On Mon, Mar 14, 2011 at 12:46 PM, Claudio Freire <klaussfreire@gmail.com> wrote:
> On Mon, Mar 14, 2011 at 2:34 PM, Merlin Moncure <mmoncure@gmail.com> wrote:
>> changes to:
>>
>> SELECT member_statistics.member_id
>> FROM member_statistics
>> WHERE EXISTS
>> (
>> SELECT mat1.tag_id
>> FROM member_all_tags_v AS mat1
>> WHERE mat1.member_id = member_statistics.member_id
>> AND mat1.tag_id
>> IN (640, 641, 3637, 3638, 637, 638, 639) AND
>> mat1.polarity >= 90
>> AND mat1.member_id IN ( <<400 ids>> )
>> )
>
> It isn't easy to get the ORM to spit that kind of queries, but I could
> try them by hand.
>
>> also, always try to compare vs straight join version:
>>
>>
>> SELECT member_statistics.member_id
>> FROM member_statistics
>> JOIN VALUES ( <<400 ids>> ) q(member_id) using (member_id)
>> JOIN
>> (
>> SELECT mat1.member_id
>> FROM member_all_tags_v AS mat1
>> WHERE mat1.tag_id IN (640, 641, 3637, 3638, 637, 638, 639)
>> AND mat1.polarity >= 90) p
>> USING(member_id)
>> ) p using(member_id);
>>
>> merlin
>
> The straight join like that was used long ago, but it replicates rows
> unacceptably: for each row in the subquery, one copy of member_id is
> output, which create an unacceptable overhead in the application and
> network side.

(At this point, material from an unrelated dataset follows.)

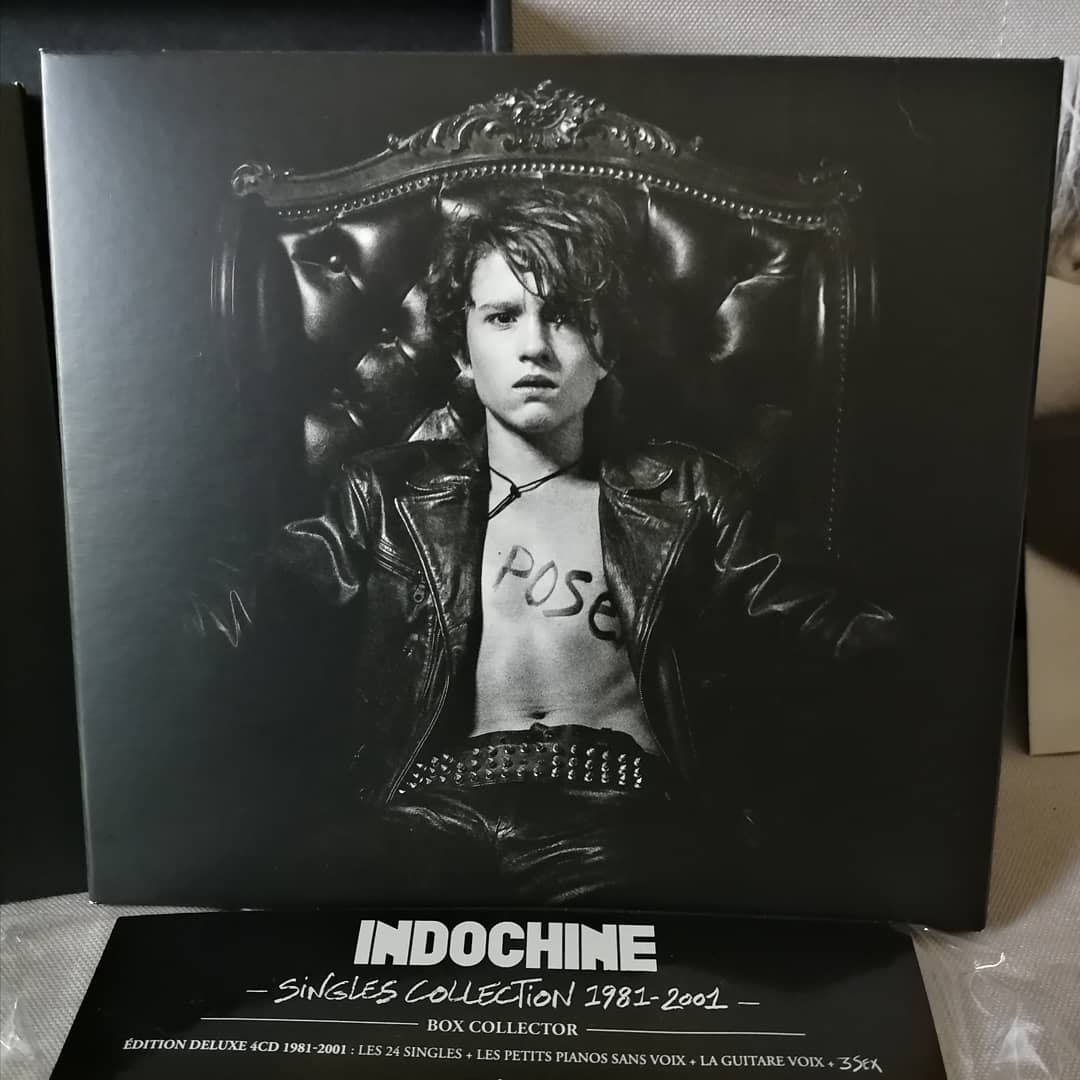 JulieTheveny's tweet photo. Voilà le Graal au complet ! 😍
Ma Box Collector avec le single 3SEX en plus !
Magnifique ! 💖💖💖
Merci pour tout @nicolasirkis @oLidESaT_ @indochinetwitt #Indochine #SinglesCollection #BoxCollector #3SEX #bonheur 💖 https://t.co/KxdSiXU81p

It could be perhaps fixed with distinct, but then
> there's sorting overhead.
ah -- right. my mistake. well, you could always work around with
'distinct', although the exists version should be better (semi vs full
join). what options *do* you have in terms of coaxing the ORM to
produce particular sql? :-). This is likely 100% work-aroundable via
tweaking the SQL. I don't have the expertise to suggest a solution
with your exact sql, if there is one.
merlin